▼
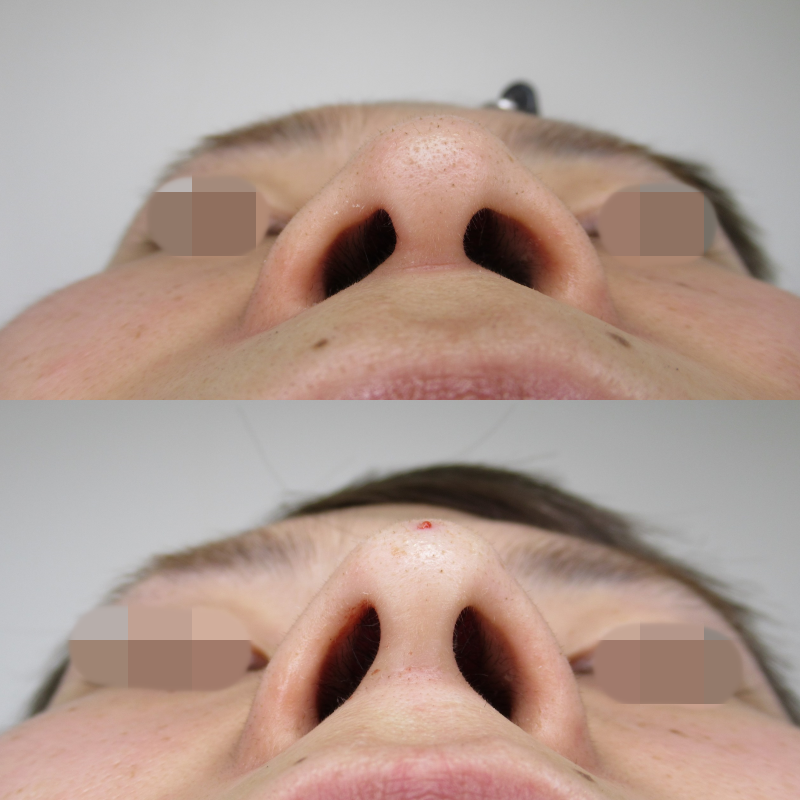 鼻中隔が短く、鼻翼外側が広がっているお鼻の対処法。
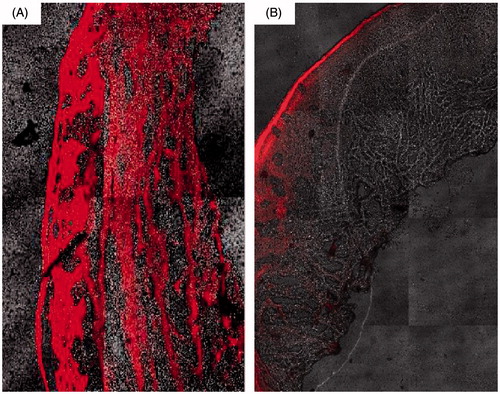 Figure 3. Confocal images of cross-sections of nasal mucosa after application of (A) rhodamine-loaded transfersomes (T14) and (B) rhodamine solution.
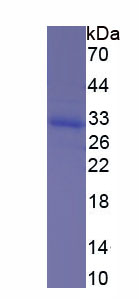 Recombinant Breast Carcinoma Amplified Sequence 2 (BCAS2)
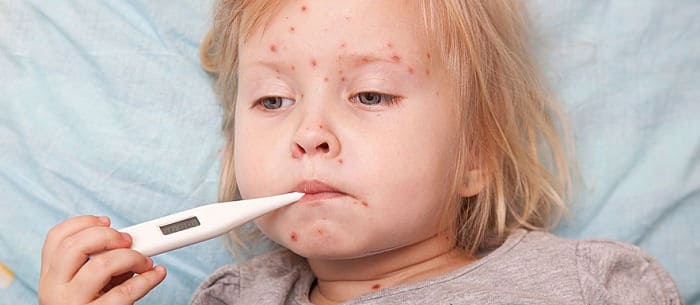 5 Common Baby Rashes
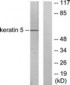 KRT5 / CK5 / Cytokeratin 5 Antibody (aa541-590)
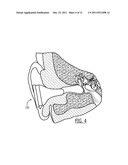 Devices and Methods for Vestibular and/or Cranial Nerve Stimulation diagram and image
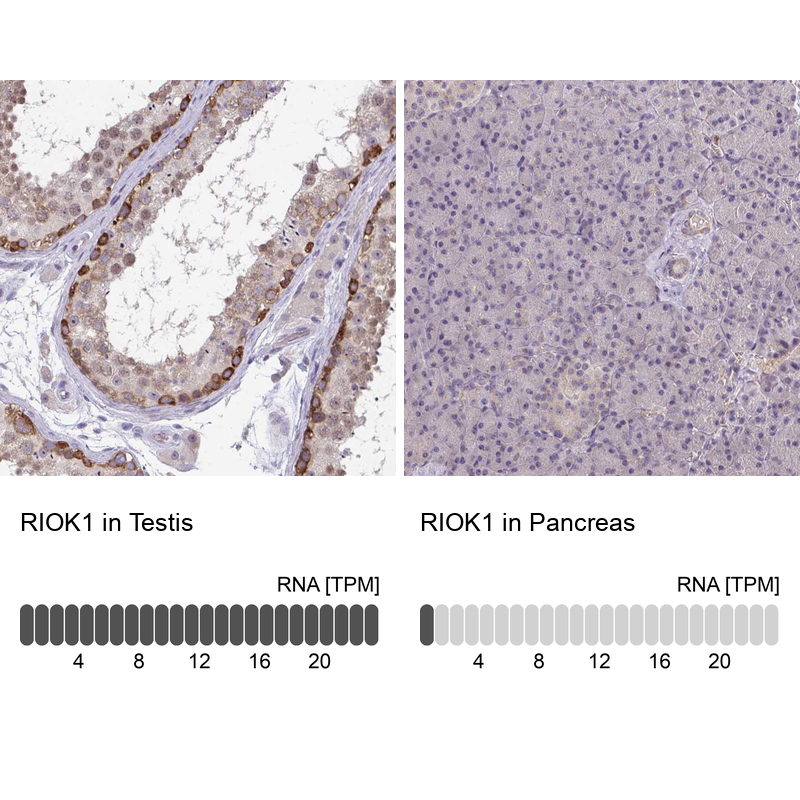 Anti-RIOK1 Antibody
▲
Give back exactly the lines from the line with "KRT5 / CK5 /" through the end of the material above, and omit every picture.

 KRT5 / CK5 / Cytokeratin 5 Antibody (aa541-590)
 Devices and Methods for Vestibular and/or Cranial Nerve Stimulation diagram and image
 Anti-RIOK1 Antibody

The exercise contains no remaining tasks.